> YOUR INSTRUCTIONS: The required answer is the run of lines from the one holding "Dijkhuizen kijkt uit" to the end of the data below, copied exactly and free of pictures.

*** Opening of SUPPLIED MATERIAL ***

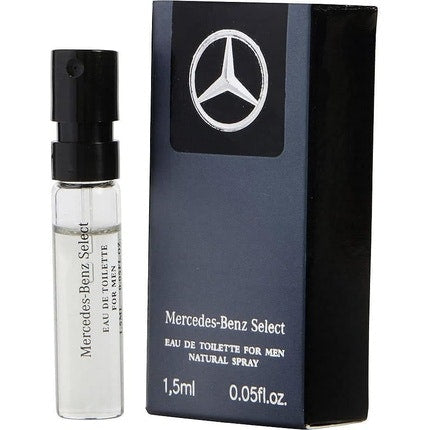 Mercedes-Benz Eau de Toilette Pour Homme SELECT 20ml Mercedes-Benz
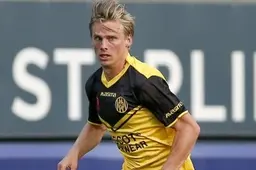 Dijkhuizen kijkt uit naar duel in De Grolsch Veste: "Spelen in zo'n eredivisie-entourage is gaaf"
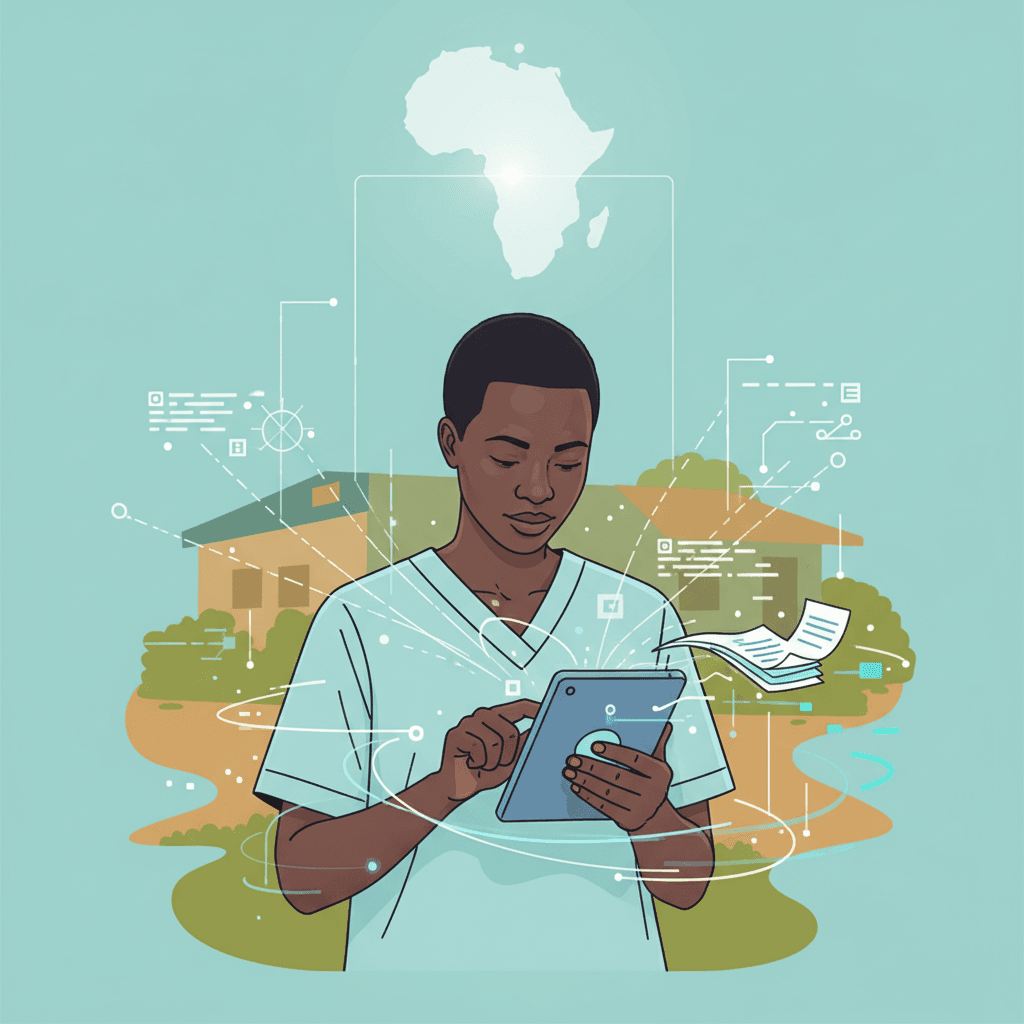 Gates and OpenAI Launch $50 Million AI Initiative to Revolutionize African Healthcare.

*** Close of SUPPLIED MATERIAL ***

> RESPONSE AREA:
 Dijkhuizen kijkt uit naar duel in De Grolsch Veste: "Spelen in zo'n eredivisie-entourage is gaaf"
 Gates and OpenAI Launch $50 Million AI Initiative to Revolutionize African Healthcare.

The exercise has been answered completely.